Alternative schemes to promote sustainable travel on a key route in Harrogate are due to be drawn up after feedback from the public.
It is proposed that an alternative package of measures for Otley Road will be outlined and presented to the Harrogate and Knaresborough area constituency committee this summer.
This could include considering the introduction of speed reduction measures in surrounding streets from Otley Road, improved crossings for cyclists, better signage for cycle routes and making improvements to bus infrastructure.
The proposed way forward follows public consultation on options for phase two of the Otley Road cycle way and permanent restrictions on Beech Grove and Lancaster Road.
Phase one of the Otley Road cycle way, which was completed in January last year, links Harrogate Grammar School, residential areas and Cardale Park. This was delivered first as it was always seen as a route that could work in isolation.
The proposed phase two would link Arthurs Avenue to the town centre, and phase three Harlow Moor Road to Cardale Park.
The experimental traffic restrictions on Beech Grove and Lancaster Road, which prevented non-residential through traffic, ran from April 2021 to August last year.
After listening to public concerns, it is proposed that construction of phase two of Otley Road cycle way is not advanced, and the Beech Grove restrictions are not made permanent.

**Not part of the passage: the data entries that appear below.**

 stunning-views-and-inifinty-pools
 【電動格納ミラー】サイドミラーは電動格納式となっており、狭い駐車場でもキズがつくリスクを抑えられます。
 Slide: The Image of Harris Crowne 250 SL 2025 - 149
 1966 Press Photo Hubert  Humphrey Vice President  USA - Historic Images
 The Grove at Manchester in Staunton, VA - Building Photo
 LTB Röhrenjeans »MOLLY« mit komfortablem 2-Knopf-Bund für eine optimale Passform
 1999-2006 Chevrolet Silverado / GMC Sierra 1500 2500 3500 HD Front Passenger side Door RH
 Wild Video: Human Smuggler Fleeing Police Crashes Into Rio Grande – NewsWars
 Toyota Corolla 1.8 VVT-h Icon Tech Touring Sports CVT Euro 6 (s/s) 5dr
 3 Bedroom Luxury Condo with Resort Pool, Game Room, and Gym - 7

Instead, it is proposed that the remaining funding of up to £500,000 in the National Productivity Investment Fund (NPIF) package is used for other measures to encourage active travel, support growth and address safety concerns along the Otley Road corridor.
The latest round of consultation took place in the final months of last year which included a meet the designer event, stakeholder consultation, walkthrough of the cycle route and led to written responses.
Although there was backing expressed for the aims of both schemes and the need to improve active travel in Harrogate for future growth, there was no clear support for any of the proposed options. Concerns were expressed about possible conflict between cyclists and pedestrians given an entirely segregated cycle way could not delivered due to constraints such as protected trees, The Stray’s land and carriageway width.
Detailed design work concluded that any reduction in the Otley Road corridor width to deliver a segregated cycle route could displace traffic and impact on the side roads in terms of speed and the volume of vehicles.
Executive member for highways and transportation, Cllr Keane Duncan, said: “Our proposal to consider an alternative package of sustainable transport measures demonstrates how we are listening to public feedback. Halting construction of phase two allows us the opportunity to prepare new measures with local input and support.
“The constraints of Otley Road meant it was always going to be difficult to meet government cycle infrastructure design standards without infringing on The Stray, widening the road or removing trees. We consulted on a number of options, but these were not fully compliant and attracted criticism. Cyclists have expressed concerns that the proposed cycle way would not encourage more cycling due to its design, while pedestrians said they were concerned about their safety.
“Given the concerns, it is right that we think again and explore alternative measures to promote walking, cycling and use of public transport. We plan to draw up options in partnership with local councillors via the area constituency committee.”
The results of the consultation and proposed next steps will be considered at a meeting of our business and environmental services corporate director and executive member this Friday (10 February).